A operação Segurança Rural, lançada em Montes Claros, envolve um esforço integrado da Polícia Militar, através dos 10º e do 50º Batalhões de Polícia Militar, da 11ª Companhia de Meio Ambiente, e a Guarda Municipal de Montes Claros. De acordo com o comando do 50º BPM, que sempre serão realizadas ações em todas as comunidades rurais de Montes Claros.
De acordo com a PM, sempre serão priorizadas as comunidades rurais com maior concentração populacional. “Com a pandemia, alguns eventos que ocorriam na cidade passaram a migrar para a zona rural, levando uma demanda para o campo, sobretudo relacionadas à perturbação do sossego. As pessoas estão se sentindo incomodadas, a PM está sensível a isso e estamos atuando nesse sentido”, informa.
O debate sobre a segurança na zona rural tem que ser realizado frequentemente pela Comissão de Agricultura e, de acordo com a vereadora Graça do Motor (União Brasil), presidente da Comissão e ex-vice-presidente da Câmara, existiam apenas duas viaturas (quatro policiais) para monitorar cerca de 104 comunidades no município. “Ainda ficam de fora da fiscalização pelo menos 76 localidades, uma vez que Montes Claros possui cerca de 180 pontos rurais, contando, povoados, comunidades, vilas e distritos”, relatou.

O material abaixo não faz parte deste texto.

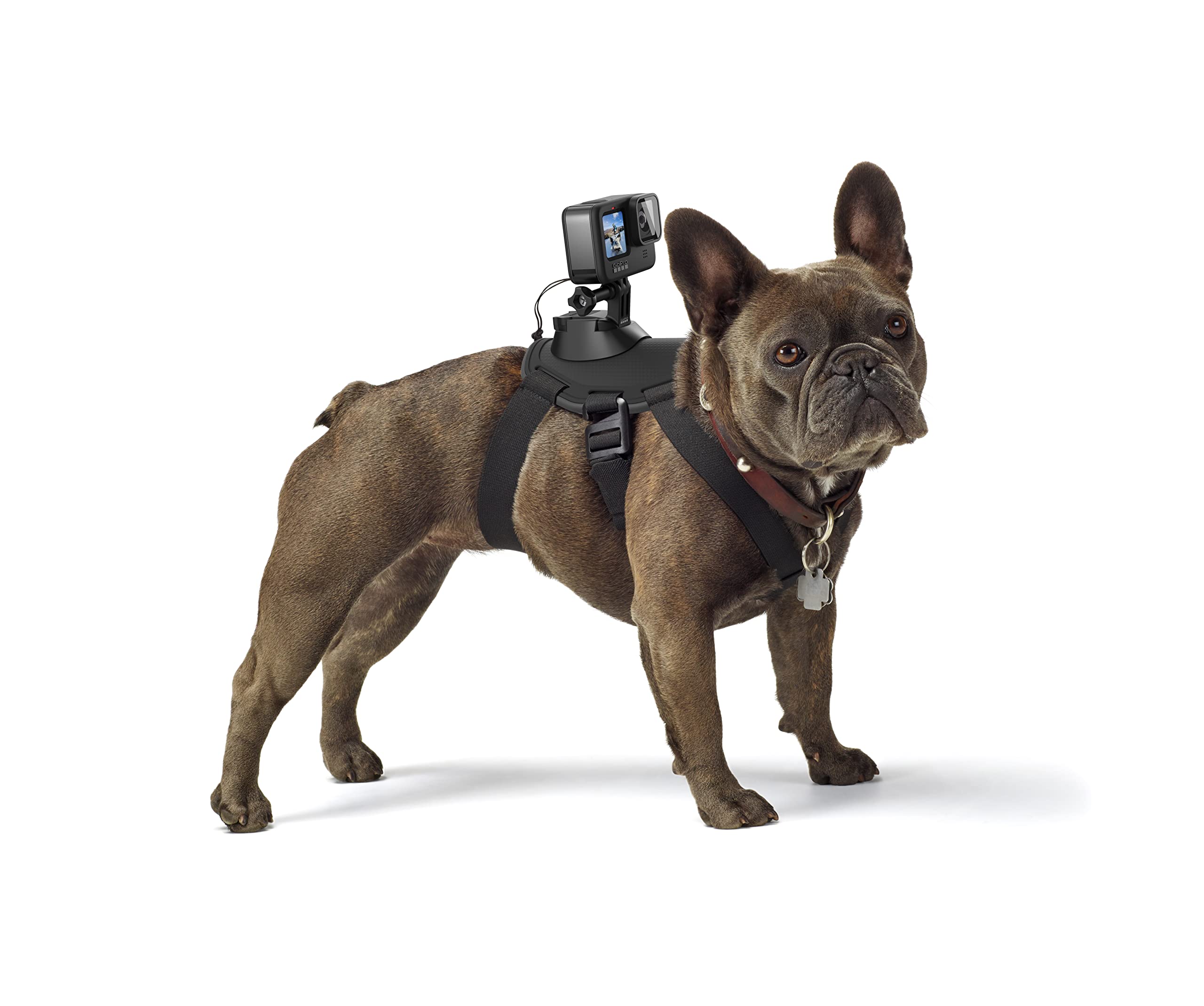Foto 2 pulgar | Arnés Para Perros Gopro Fetch, Soporte Oficial Para Gopro - Venta Internacional.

Na época, o então vice-presidente da Comissão, vereador Valdecy Contador (Cidadania) e o relator, vereador Eldair Samambaia (PSD), também destacaram a dificuldade para realizar o boletim de ocorrência, devido à falta de conectividade rural. Segundo eles, cerca de 60% da área rural não tinham acesso a este benefício. “Sem acesso à telefonia móvel e à internet, o morador precisa se deslocar até a cidade para registrar a ocorrência, e por causa desta dificuldade acaba não fazendo o registro e a PM não consegue gerar dados reais para seu planejamento de patrulha e monitoramento”.
Eles e os representantes das comunidades rurais solicitaram à Polícia Militar um reforço no patrulhamento e realização de ações preventivas em todas as comunidades do município.